## ABOUT THIS EXERCISE
Only certain lines below are wanted: those starting at the line containing "Pantalon De Jogging" and ending at the line containing "Ванна чугунная Delice", both included, each retyped exactly.

## DATA TO PROCESS
▬▬▬▬▬▬▬▬▬▬

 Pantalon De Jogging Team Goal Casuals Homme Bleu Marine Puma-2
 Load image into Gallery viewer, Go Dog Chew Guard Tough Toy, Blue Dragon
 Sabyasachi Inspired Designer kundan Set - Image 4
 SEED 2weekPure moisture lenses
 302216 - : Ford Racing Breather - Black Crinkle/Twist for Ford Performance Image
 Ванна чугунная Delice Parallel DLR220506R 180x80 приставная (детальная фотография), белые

▬▬▬▬▬▬▬▬▬▬

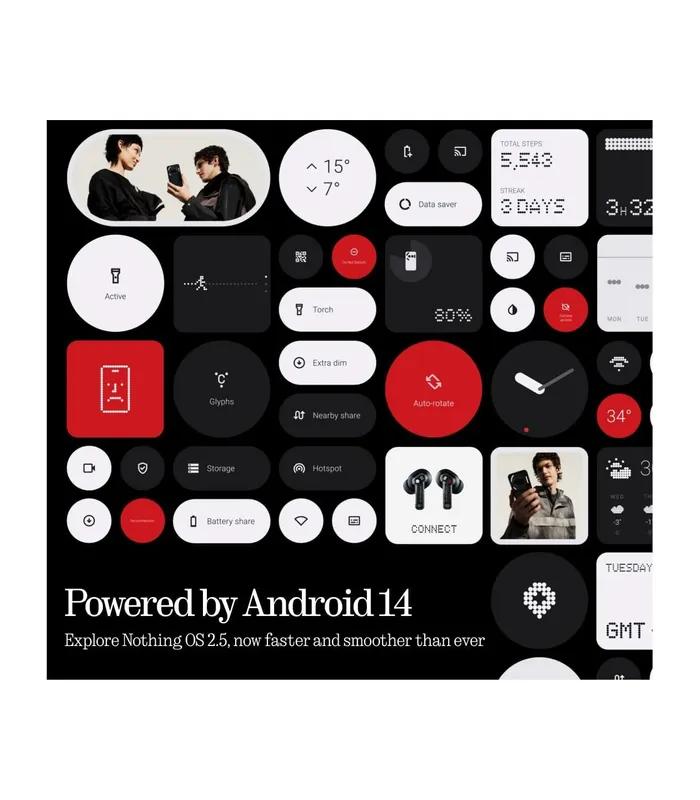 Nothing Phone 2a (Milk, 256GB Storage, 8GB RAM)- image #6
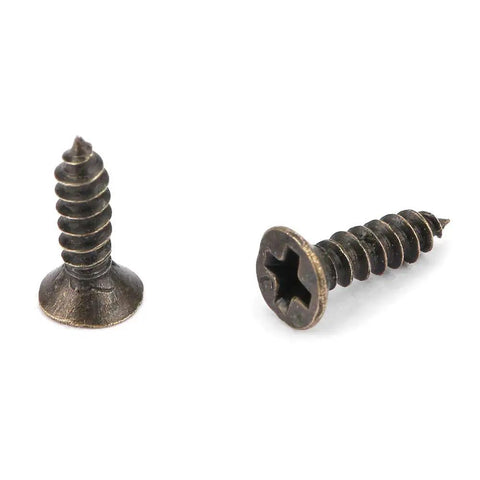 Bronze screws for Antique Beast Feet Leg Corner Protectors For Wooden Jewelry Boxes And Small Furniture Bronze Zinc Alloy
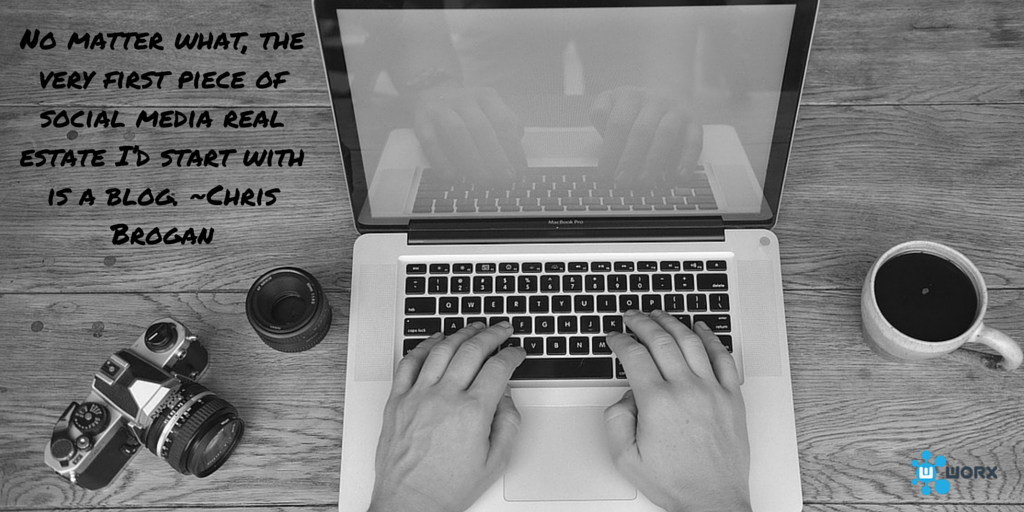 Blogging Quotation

▬▬▬▬▬▬▬▬▬▬

## EXERCISE RESPONSE
 Pantalon De Jogging Team Goal Casuals Homme Bleu Marine Puma-2
 Load image into Gallery viewer, Go Dog Chew Guard Tough Toy, Blue Dragon
 Sabyasachi Inspired Designer kundan Set - Image 4
 SEED 2weekPure moisture lenses
 302216 - : Ford Racing Breather - Black Crinkle/Twist for Ford Performance Image
 Ванна чугунная Delice Parallel DLR220506R 180x80 приставная (детальная фотография), белые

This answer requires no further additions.